• _REQUIRED WORK_
Please report every line from the material that contains the word "will".

DATA PROVIDED START

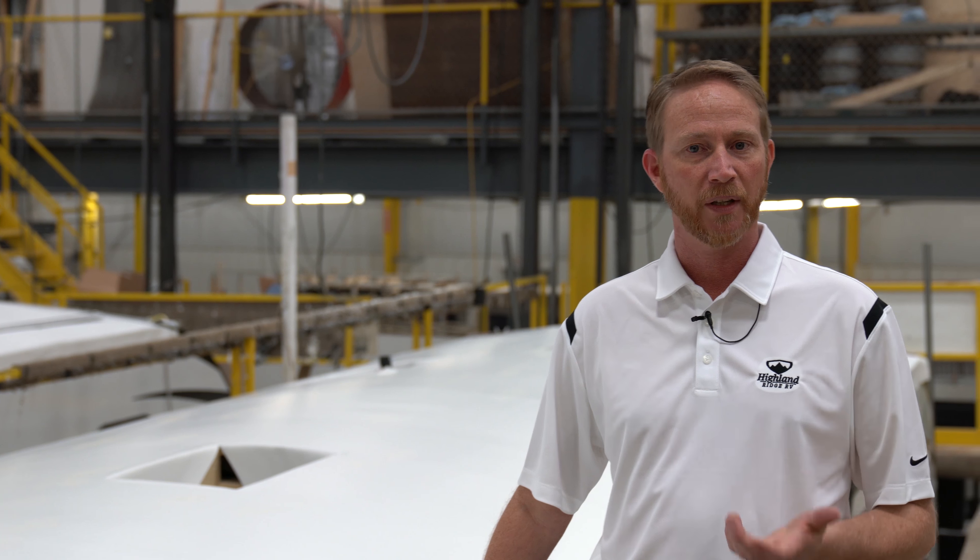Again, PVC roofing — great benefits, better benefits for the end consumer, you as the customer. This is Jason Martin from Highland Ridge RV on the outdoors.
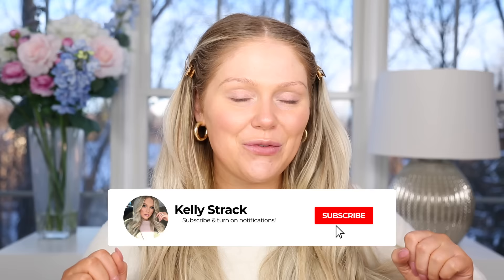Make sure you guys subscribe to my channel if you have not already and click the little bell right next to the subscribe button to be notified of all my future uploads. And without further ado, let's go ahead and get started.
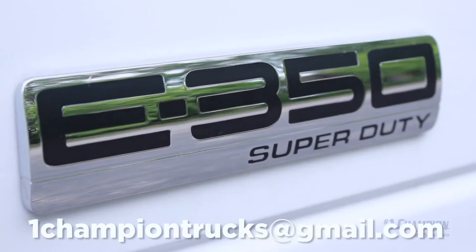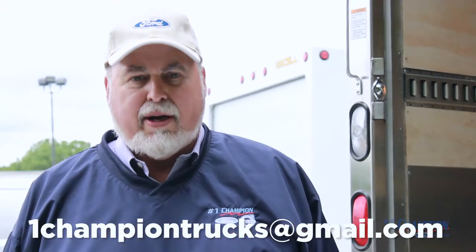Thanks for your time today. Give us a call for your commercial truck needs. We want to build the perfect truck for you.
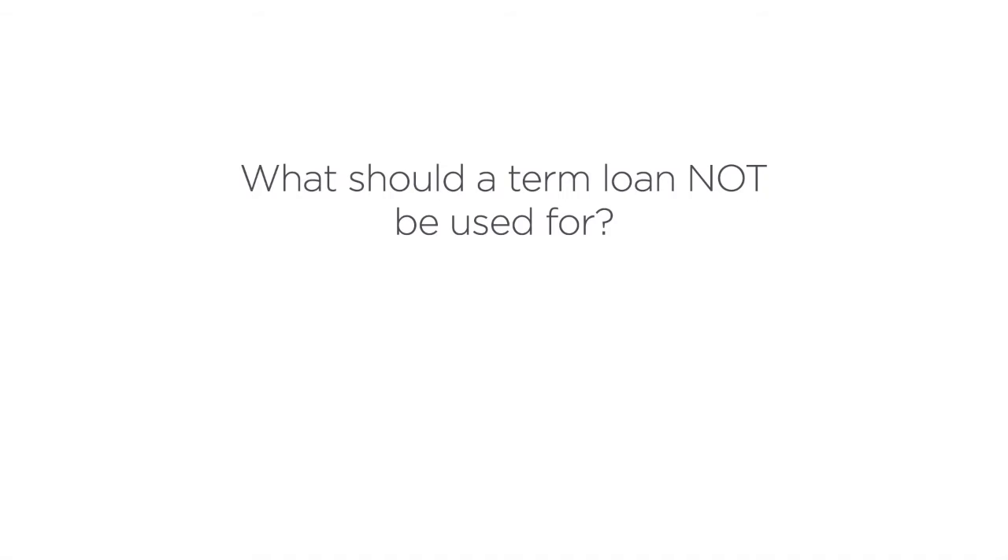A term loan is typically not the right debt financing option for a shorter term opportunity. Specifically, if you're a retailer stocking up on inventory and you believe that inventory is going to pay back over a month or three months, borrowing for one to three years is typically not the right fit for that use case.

DATA PROVIDED END
DATA PROVIDED START

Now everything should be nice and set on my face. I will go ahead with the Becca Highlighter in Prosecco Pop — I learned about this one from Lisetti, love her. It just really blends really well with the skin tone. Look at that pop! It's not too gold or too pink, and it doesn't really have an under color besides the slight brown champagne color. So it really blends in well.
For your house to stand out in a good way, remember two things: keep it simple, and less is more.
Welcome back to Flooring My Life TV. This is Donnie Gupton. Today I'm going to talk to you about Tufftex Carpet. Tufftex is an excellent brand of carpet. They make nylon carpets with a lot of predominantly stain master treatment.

DATA PROVIDED END
DATA PROVIDED START

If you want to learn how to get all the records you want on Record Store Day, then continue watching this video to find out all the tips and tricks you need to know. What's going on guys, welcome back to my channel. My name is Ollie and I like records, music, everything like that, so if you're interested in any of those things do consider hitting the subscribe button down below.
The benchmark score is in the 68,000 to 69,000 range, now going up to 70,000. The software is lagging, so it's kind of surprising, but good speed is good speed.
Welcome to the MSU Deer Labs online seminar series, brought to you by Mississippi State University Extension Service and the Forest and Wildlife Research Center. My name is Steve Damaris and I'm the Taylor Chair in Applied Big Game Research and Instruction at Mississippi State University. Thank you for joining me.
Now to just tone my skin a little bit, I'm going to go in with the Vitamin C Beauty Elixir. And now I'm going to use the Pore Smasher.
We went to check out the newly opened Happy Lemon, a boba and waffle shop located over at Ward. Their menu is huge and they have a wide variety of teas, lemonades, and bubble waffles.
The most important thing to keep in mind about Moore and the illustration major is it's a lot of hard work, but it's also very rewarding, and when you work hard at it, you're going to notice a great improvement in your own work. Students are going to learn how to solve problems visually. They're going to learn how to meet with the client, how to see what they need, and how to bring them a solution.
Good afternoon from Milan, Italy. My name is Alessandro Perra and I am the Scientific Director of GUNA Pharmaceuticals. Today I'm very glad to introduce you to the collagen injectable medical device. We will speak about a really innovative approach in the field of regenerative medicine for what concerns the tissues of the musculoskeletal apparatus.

DATA PROVIDED END

• _RESPONSE BOX_
Now everything should be nice and set on my face. I will go ahead with the Becca Highlighter in Prosecco Pop — I learned about this one from Lisetti, love her. It just really blends really well with the skin tone. Look at that pop! It's not too gold or too pink, and it doesn't really have an under color besides the slight brown champagne color. So it really blends in well.
Good afternoon from Milan, Italy. My name is Alessandro Perra and I am the Scientific Director of GUNA Pharmaceuticals. Today I'm very glad to introduce you to the collagen injectable medical device. We will speak about a really innovative approach in the field of regenerative medicine for what concerns the tissues of the musculoskeletal apparatus.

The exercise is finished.